Arrival in Nukus, capital of Autonomous Republic of Karakalpakstan. Transfer to hotel and check-in. Excursion in Savitskiy museum. Leisure time. Overnight rest in hotel.

Welcome to the capital of the Karakalpakstan Autonomous Republic - Nukus, our starting point for traveling to little-studied Ustyurt Plateau and disappearing Aral Sea.
The city, which occupies an area of 200 sq km, is situated in the north of Uzbekistan, in an oasis in the southern part of the contemporary Amudarya delta, near the famous shrinking Aral Sea. Nukus is the sixth-largest city of Uzbekistan, with a population of around 250,000. It developed from a small settlement into a Soviet-style modern city by the 1950s. With the fall of the USSR and growing environmental disaster of the Aral Sea, the city’s situation has deteriorated. Contamination of the region by wind-borne salt and pesticides from the dry Aral Sea bed have turned the surrounding area into a wasteland.

Overnight rest in hotel.

Day 2. Nukus - Kungrad - Ustyurt Plateau - Sudochye Lake - Aral Sea.
Early breakfast at the hotel. At 07:00 in the morning departure from Nukus. Proceeding to Kungrad, then up to Ustyurt Plateau. Transfer to Sudochye Lake. Proceeding to Village of Urga, first Russian settlement in Khorezm and Aral Sea region, lunch en route. Then transfer to Aral Sea. Photographing canyons en route. Arrival at camp site; descent to shoreline. Dinner. Overnight in tents.

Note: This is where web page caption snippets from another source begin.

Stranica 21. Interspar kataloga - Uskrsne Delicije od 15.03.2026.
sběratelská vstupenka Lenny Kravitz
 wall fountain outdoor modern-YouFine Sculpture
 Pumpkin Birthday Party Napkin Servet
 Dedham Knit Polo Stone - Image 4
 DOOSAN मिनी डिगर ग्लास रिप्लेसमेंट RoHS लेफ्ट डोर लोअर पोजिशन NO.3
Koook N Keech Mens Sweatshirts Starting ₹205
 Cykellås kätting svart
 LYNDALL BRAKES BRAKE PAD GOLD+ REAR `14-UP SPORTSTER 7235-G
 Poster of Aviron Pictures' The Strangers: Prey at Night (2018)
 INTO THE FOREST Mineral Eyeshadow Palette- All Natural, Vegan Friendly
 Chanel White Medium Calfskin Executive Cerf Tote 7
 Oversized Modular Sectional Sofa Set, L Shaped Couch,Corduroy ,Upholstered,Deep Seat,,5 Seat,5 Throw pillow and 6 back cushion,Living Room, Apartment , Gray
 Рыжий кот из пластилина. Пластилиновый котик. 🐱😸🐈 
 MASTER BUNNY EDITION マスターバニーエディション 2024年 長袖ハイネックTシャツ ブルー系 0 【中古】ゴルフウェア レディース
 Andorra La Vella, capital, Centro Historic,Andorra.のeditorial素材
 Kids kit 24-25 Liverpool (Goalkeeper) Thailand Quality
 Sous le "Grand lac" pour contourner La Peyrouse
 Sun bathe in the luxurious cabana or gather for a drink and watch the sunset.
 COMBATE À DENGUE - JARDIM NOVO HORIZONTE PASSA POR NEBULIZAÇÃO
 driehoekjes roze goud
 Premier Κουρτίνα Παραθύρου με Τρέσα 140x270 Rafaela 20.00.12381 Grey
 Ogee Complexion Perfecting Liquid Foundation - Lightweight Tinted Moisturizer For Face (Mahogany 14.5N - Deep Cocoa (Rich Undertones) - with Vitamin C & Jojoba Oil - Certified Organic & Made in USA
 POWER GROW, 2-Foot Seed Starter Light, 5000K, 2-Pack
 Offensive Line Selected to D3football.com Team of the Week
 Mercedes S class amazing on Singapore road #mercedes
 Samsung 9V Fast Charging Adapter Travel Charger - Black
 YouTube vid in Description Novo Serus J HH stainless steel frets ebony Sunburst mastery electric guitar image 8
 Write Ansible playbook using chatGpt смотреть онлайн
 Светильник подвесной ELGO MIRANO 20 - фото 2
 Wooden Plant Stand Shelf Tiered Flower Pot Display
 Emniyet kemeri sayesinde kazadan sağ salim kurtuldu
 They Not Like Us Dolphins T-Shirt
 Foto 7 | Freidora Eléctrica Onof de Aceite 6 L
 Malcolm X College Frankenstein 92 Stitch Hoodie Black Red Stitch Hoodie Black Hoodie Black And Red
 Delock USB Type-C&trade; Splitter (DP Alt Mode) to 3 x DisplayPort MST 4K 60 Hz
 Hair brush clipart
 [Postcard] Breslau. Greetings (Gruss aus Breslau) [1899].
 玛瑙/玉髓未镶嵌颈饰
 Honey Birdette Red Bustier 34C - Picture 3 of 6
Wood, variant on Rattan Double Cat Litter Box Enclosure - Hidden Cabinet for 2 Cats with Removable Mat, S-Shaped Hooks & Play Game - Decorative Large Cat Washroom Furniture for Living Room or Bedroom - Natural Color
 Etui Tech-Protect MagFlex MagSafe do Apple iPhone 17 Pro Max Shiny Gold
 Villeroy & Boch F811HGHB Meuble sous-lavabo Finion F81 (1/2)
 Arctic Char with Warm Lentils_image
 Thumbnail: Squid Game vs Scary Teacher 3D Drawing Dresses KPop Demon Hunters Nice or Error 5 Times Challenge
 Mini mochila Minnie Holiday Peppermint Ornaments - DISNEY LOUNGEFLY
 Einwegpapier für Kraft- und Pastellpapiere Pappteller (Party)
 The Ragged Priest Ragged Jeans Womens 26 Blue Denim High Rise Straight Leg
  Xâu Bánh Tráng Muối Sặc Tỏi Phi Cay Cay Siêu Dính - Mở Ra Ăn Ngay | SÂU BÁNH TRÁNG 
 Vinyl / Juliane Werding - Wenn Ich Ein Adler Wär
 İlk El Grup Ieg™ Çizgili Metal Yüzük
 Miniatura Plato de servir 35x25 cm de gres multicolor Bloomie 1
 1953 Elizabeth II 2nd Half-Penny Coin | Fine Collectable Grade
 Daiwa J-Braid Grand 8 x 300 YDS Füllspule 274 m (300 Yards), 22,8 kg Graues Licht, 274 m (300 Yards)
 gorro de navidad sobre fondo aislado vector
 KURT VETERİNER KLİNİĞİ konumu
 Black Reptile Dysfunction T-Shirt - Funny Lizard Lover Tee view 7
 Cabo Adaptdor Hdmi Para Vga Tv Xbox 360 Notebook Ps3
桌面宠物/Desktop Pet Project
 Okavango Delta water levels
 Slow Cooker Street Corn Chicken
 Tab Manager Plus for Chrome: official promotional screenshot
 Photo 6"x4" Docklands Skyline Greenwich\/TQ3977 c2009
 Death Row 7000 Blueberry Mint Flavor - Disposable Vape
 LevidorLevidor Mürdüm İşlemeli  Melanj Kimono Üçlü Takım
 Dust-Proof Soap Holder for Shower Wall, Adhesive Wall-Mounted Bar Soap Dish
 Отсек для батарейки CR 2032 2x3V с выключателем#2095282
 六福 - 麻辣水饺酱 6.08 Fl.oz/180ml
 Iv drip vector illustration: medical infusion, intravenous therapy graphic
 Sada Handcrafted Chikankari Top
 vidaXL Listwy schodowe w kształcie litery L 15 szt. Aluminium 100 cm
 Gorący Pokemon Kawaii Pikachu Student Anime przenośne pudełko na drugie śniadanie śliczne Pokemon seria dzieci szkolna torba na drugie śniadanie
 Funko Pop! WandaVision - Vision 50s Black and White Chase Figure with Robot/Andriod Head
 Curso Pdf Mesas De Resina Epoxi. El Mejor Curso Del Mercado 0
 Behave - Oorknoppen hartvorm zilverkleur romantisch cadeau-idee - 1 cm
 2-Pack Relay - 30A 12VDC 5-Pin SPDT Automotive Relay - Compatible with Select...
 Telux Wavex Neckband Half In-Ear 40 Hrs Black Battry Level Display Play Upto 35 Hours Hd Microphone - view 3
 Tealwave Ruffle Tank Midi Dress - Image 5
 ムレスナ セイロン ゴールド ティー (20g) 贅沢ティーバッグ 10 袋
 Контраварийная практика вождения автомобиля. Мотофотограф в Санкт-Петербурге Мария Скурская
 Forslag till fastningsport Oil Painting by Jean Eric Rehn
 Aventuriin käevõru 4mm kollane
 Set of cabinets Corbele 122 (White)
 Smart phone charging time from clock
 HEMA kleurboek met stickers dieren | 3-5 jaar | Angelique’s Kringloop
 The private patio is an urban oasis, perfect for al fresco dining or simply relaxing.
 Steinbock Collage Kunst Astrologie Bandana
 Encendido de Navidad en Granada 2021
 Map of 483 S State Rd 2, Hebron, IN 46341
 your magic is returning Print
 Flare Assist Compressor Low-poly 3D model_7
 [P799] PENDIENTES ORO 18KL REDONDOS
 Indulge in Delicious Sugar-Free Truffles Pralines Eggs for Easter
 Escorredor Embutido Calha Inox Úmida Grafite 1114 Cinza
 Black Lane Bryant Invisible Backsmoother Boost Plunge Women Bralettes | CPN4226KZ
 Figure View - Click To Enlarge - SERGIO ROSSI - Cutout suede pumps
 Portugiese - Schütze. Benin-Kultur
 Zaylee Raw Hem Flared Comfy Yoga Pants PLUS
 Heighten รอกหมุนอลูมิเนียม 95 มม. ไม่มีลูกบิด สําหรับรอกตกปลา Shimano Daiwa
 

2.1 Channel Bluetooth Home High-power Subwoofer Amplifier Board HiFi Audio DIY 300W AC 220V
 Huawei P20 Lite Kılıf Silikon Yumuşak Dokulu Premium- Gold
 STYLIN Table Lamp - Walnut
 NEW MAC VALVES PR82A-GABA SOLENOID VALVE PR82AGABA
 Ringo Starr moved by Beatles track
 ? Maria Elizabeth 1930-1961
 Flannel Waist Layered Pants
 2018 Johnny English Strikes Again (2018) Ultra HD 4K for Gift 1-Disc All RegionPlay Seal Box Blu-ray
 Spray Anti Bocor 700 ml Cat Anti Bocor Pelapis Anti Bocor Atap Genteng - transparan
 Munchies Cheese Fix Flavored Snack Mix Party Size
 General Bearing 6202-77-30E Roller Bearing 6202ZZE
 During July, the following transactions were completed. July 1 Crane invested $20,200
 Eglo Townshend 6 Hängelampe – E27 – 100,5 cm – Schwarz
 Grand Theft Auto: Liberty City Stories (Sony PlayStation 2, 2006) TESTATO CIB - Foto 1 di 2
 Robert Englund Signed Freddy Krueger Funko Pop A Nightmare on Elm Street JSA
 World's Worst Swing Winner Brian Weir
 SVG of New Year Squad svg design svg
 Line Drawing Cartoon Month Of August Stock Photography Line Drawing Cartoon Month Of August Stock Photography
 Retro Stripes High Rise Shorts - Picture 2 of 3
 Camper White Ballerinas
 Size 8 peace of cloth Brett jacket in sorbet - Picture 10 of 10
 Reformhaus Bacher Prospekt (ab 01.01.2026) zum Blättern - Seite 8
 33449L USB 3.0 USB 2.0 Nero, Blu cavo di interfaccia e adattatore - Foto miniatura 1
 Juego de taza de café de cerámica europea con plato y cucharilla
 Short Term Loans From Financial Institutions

In the morning you are going towards Ustyurt Plateau (the town Kungrad) and then, through the village Sudochye, to today’s shore of the Aral Sea, the tragic fate of which has become an enormous ecological problem the whole world is concerned about.
We will stop in the deserted Village of Urga. In the 1950s it was an ordinary functioning fishery village on the shore of Sudochye Lake, with population of a few hundred. It was one of the first Russian settlements in Khorezm. The last resident left the village in 1971.

Lake Sudochye (Lake Sudovshin), once located in the delta of the Amudarya River, was the largest lake in Uzbekistan. Then it got shallow and split into a few smaller lakes. The origin of the names Sudochye (Russian) and Sudovshin (Uzbek) is different, though they sound similarly. The Russian one originated from the Russian word sudak (‘pike perch’), while the Uzbek was formed from the Uzbek words suv (‘water’) and shin (‘true’).

On the way you are seeing peculiar rocks once cut by water, and, maybe, mirages over the sand: though the sea has gone, the image of its mirror-like surface is still there. Absence of roads during this part of the journey is compensated for by the beautiful scenery of the opening shore and waters of what is left of the Aral Sea in the distance.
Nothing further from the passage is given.